Solo investendo su una sua maggior autonomia possiamo aspettarci di sentirci dire da una persona con emiplegia “Pago io il giornale”, “Ho cucinato una torta buonissima”, “Ieri siamo andati al cinema”, “Ormai mi lavo da solo”. 
Assistere allora può essere inteso come aiutare la persona ad apprendere nuove strategie da adottare per poter eseguire con sempre maggior autonomia le attività della vita quotidiana e anche per poter avvicinarsi nuovamente ai suoi interessi. Se è vero che l’evento morboso determina una spaccatura tra il “prima” e il “dopo” è anche vero che in qualche modo, spesso difficile, ci si può riavvicinare a quel “prima”. E’ importante che una maggior autonomia vada a interessare non solo le attività quotidiane di cura di sé, ma ogni peculiarità del soggetto, i suoi interessi, le sue passioni e, perché no, la sua progettualità. Si possono fare progetti, anche piccoli, se si fa, se ci si sente in qualche modo vivi e ancora padroni della propria vita. Solamente così è possibile parlare ancora di qualità della vita non solo accettabile ma discreta.
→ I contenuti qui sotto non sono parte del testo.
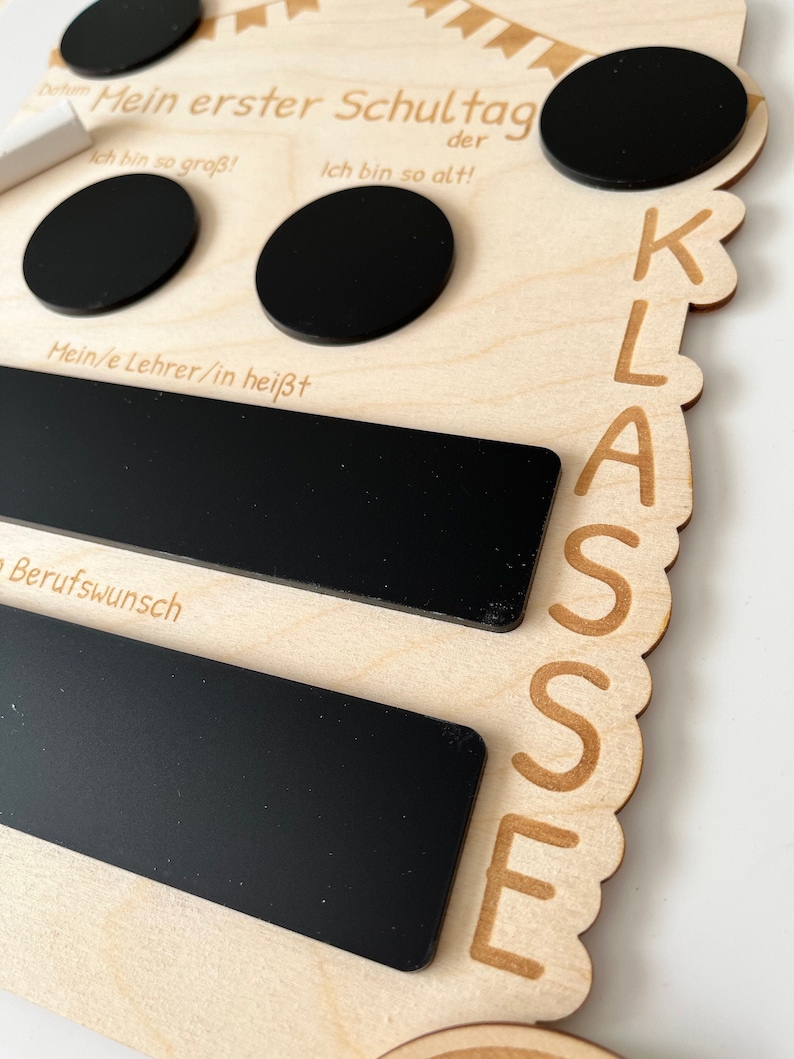 May include: Wooden sign with the text "Mein erster Schultag" (My first day of school) and "KLASSE" (Class). The sign has several black chalkboard areas for writing, including spaces for "Ich bin so gro&szlig;!" (I am so big!), "Ich bin so alt!" (I am so old!), "Mein/e Lehrer/in hei&szlig;t" (My teacher's name is), and "Berufswunsch" (Career wish).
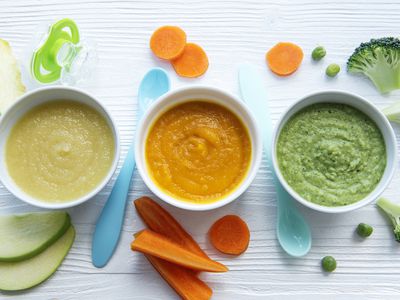 An assortment of organic baby foods on a painted wood surface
Non è utopia, è solo un altro modo di fare assistenza: assiste meglio non chi fa di più, ma chi considera via via cosa può riprendere a fare la persona malata da sola o con un supervisore. Ogni vita vissuta con proprie scelte, obiettivi e risultati nel momento involutivo necessita di attenzioni ed interventi finalizzati a un possibile recupero affinché possa essere assicurata la permanenza della persona nel proprio ambiente di vita. 
Autonomia e ambiente sono termini strettamente correlati perché il riprendere a fare è condizionato dall’accessibilità di tutto ciò che circonda la persona e non dipende esclusivamente dalla sua patologia. 
l’accessibilità riguarda la riorganizzazione degli spazi privati e pubblici perché tutti possano fruirne in sicurezza libertà e autonomia. Pubblici e…privati. Sì, accessibilità non solo fuori casa. A cosa serve un ambiente accessibile se nessuno è invogliato a uscire? Cosa serve una banca accessibile se tanto la persona non ci va perché ha già qualcuno che si occupa di questo senza coinvolgerlo? Il cinema può avere un ingresso accessibile ma questo presuppone che qualcuno abbia una compagnia con cui condividere questo svago, che sia autonomo nel decidere di andarci. Accessibile allora deve essere la nostra mente, la mente di chi aiuta. Questo è il presupposto indispensabile per chiedere all’ambiente di adattarsi, di modificarsi sulla base dei diversi bisogni delle persone che in quell’ambiente vivono. Questa dovrebbe essere la mentalità di chi si approccia alla persona che ha una malattia o una disabilità per poter garantire sempre la giusta misura di assistenza e avviamento all’autonomia.